Output exactly the lines from the line that has "airtrack丨滔搏官方正品户外抓绒衣女2026新款摇粒绒男保暖外套" through the last line of the data below, with no pictures.

--------

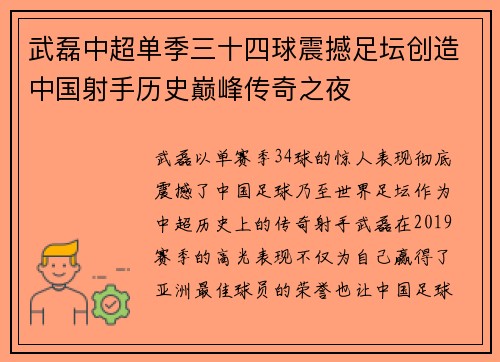 武磊中超单季三十四球震撼足坛创造中国射手历史巅峰传奇之夜 武磊中超单季三十四球震撼足坛创造中国射手历史巅峰传奇之夜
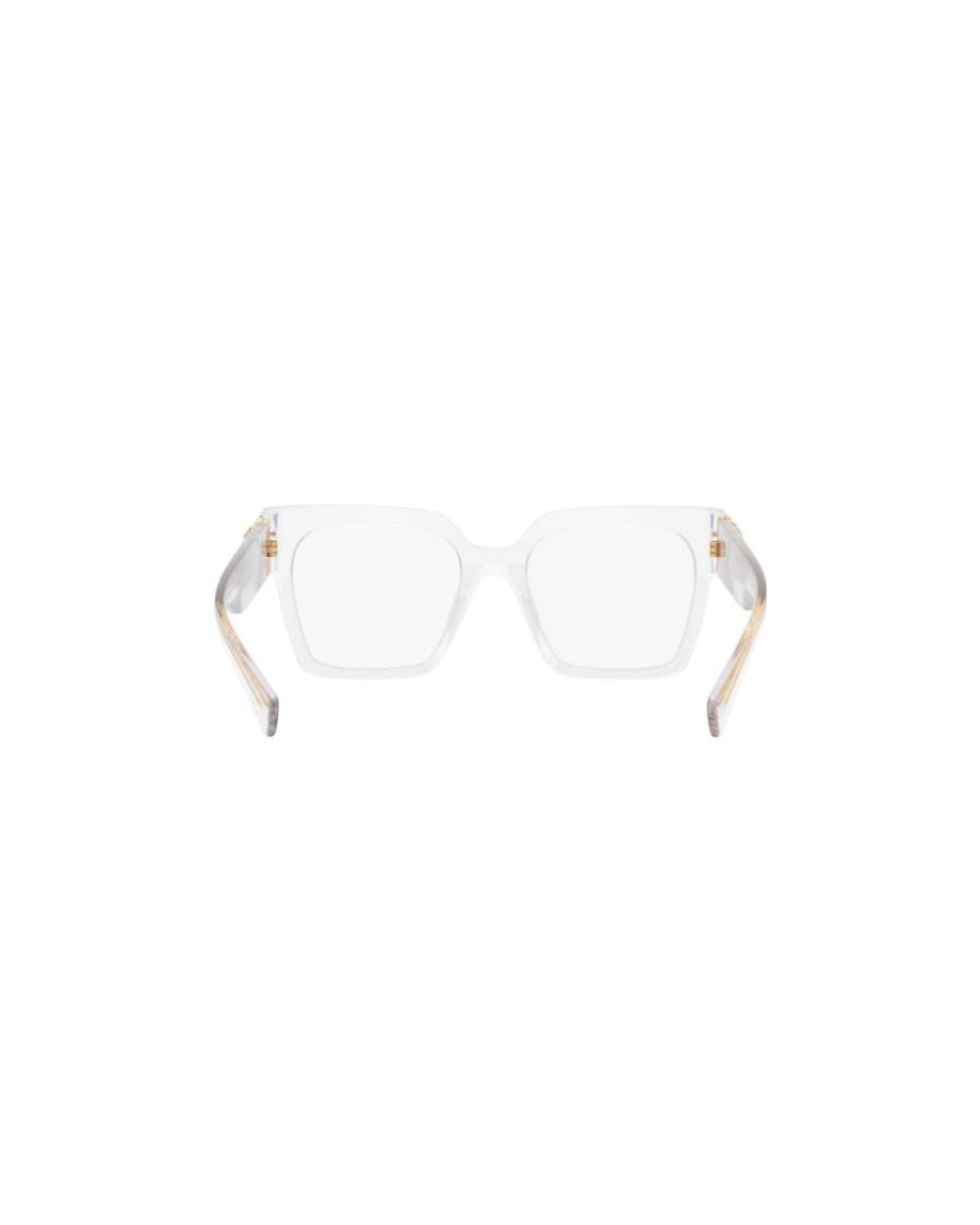 Miu Miu White Eyewear Square Frame Glasses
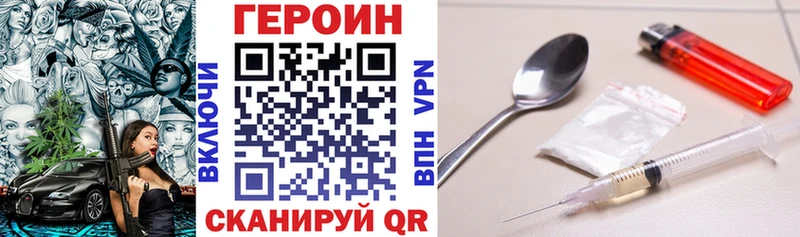 Купить  Зубцов  ГЕРОИН афганец 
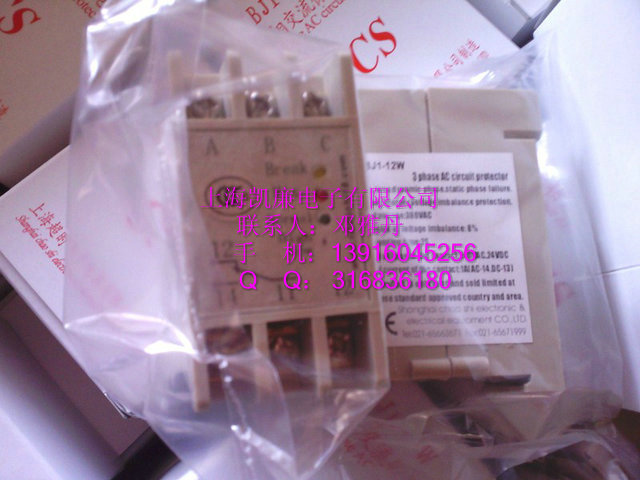ABJ1-122相序保護(hù)器ABJ1-122廠家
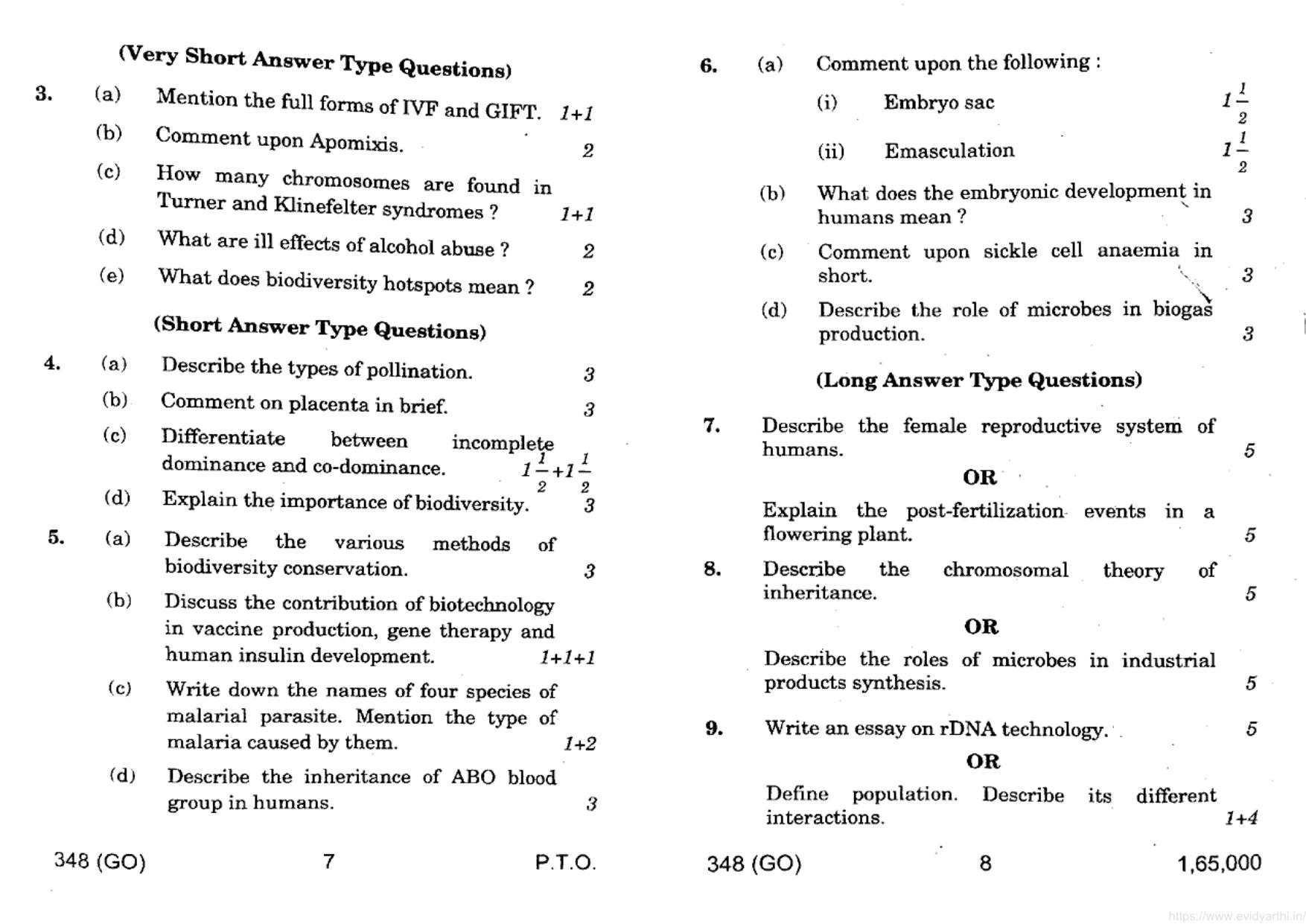 UP Board Previous Year Question Paper Class 12 Jeev Vigyan – (348 GO) – 2022 - Page 4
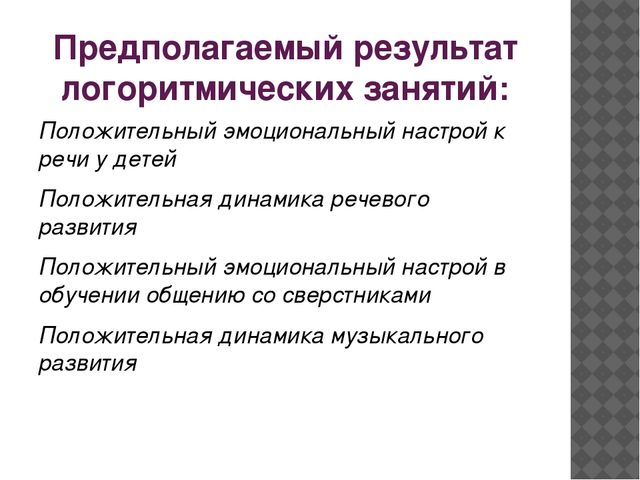 Презентация для детского сада на тему "Логоритмика в ДОУ"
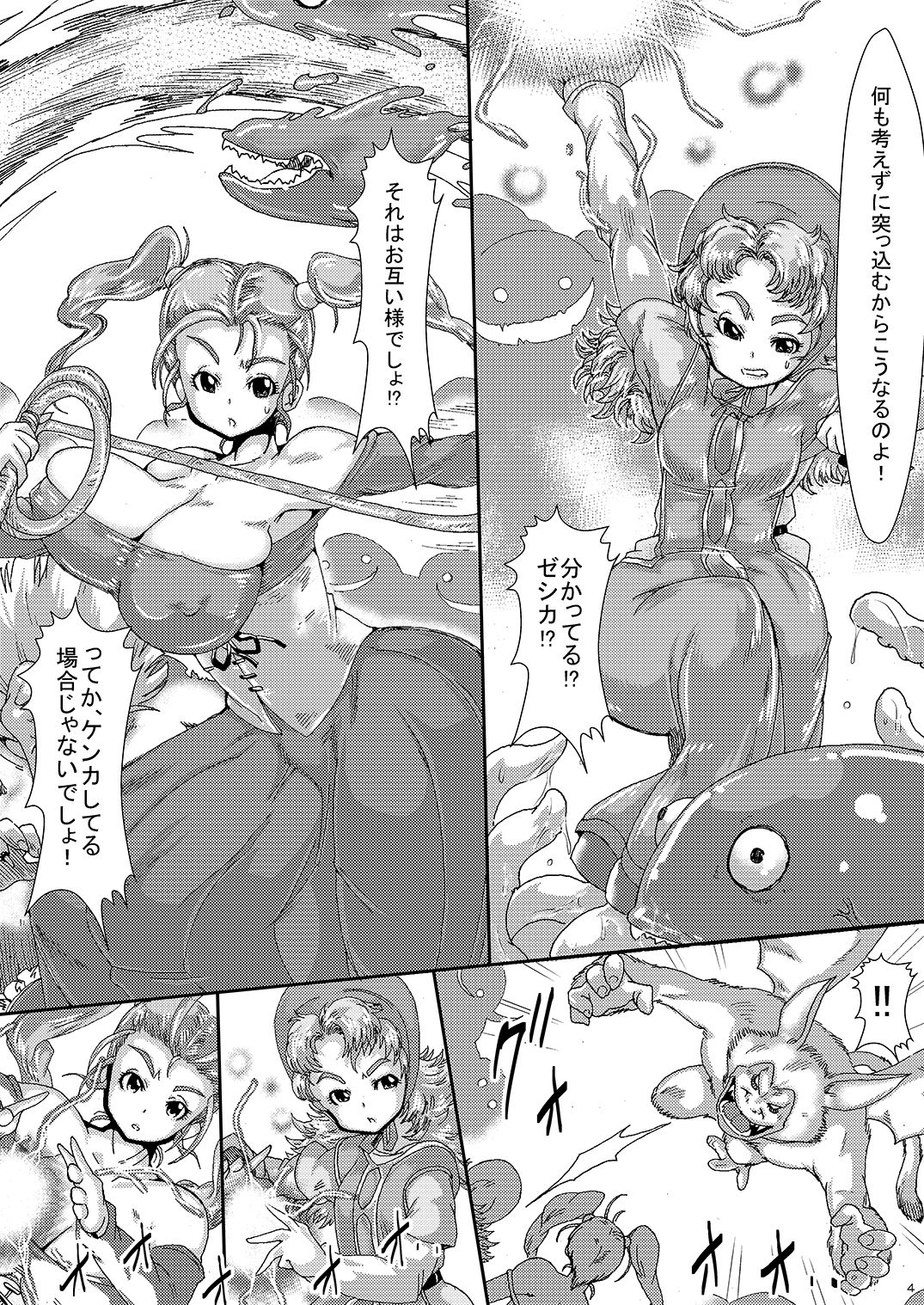Doeroi Quest HEROINES Naedoko no 2-ri to Bouken no Owari page 3 full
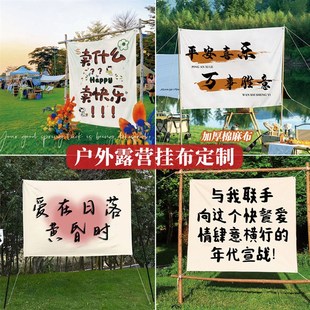 露营横幅定制店铺广告招牌条幅布条挂旗围炉煮茶营地氛围旗帜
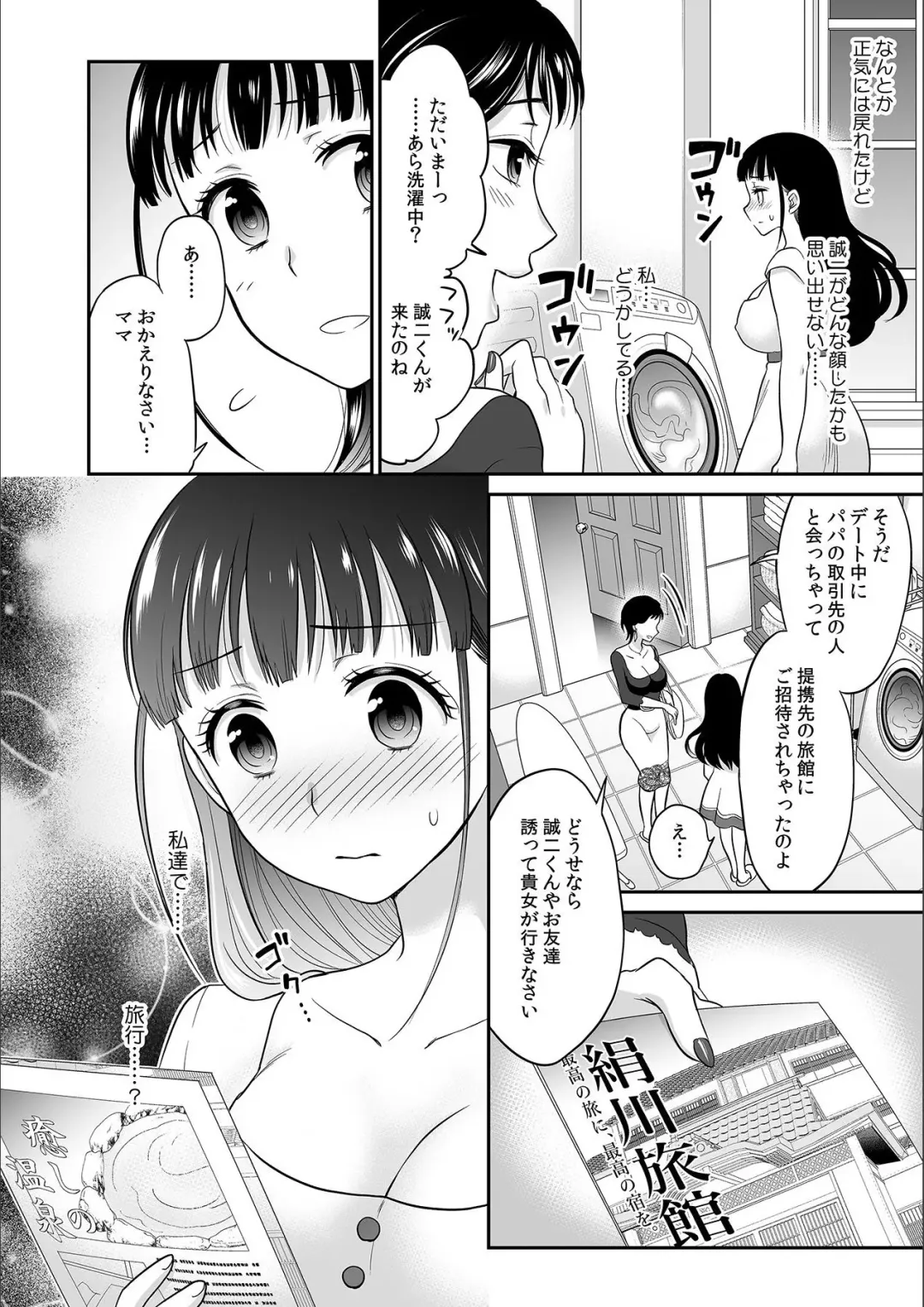 [Rojiro] Kare to no Sex ja Ikenai kara... Atashi no Koko ni Irete Hoshii no... Ch. 3 Fhentai - Page 26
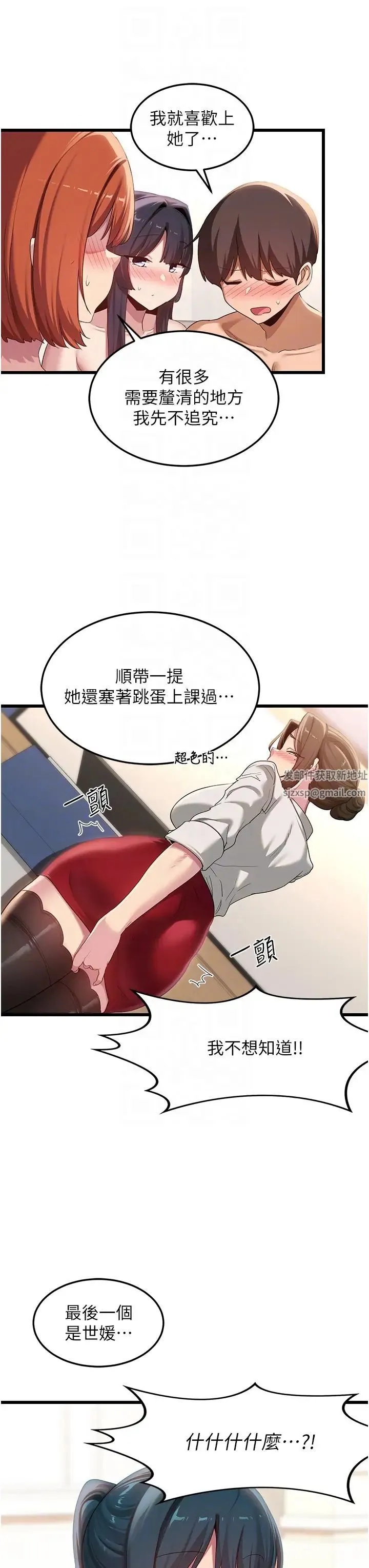 深度交流会 第108話-浮出水面的姦情 第26页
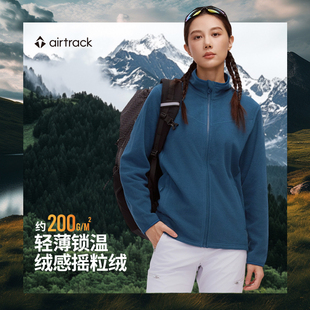 airtrack丨滔搏官方正品户外抓绒衣女2026新款摇粒绒男保暖外套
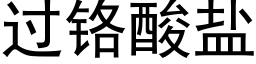 過鉻酸鹽 (黑體矢量字庫)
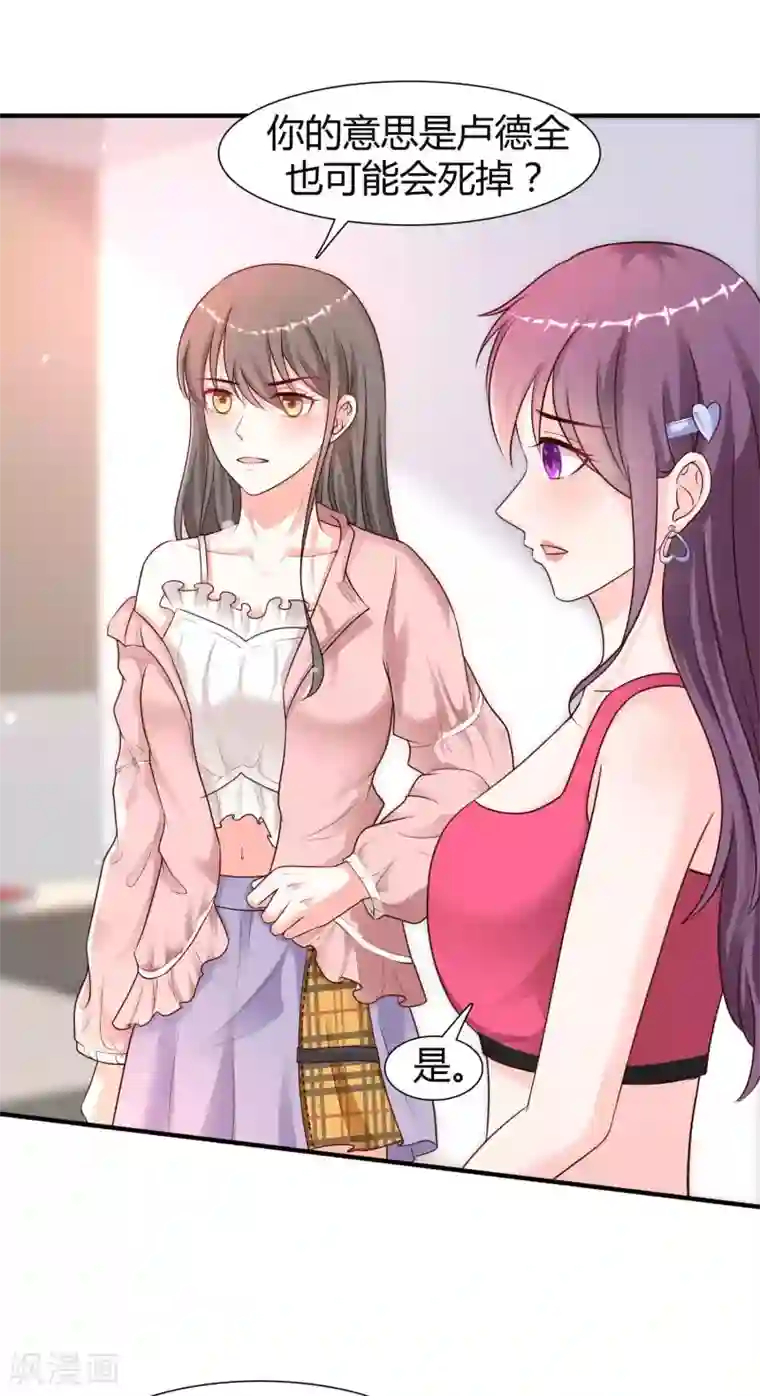 最强桃花运第163话 喜当爹？？？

--------

REPLY TO THE EXERCISE:
 airtrack丨滔搏官方正品户外抓绒衣女2026新款摇粒绒男保暖外套
 過鉻酸鹽 (黑體矢量字庫)
 最强桃花运第163话 喜当爹？？？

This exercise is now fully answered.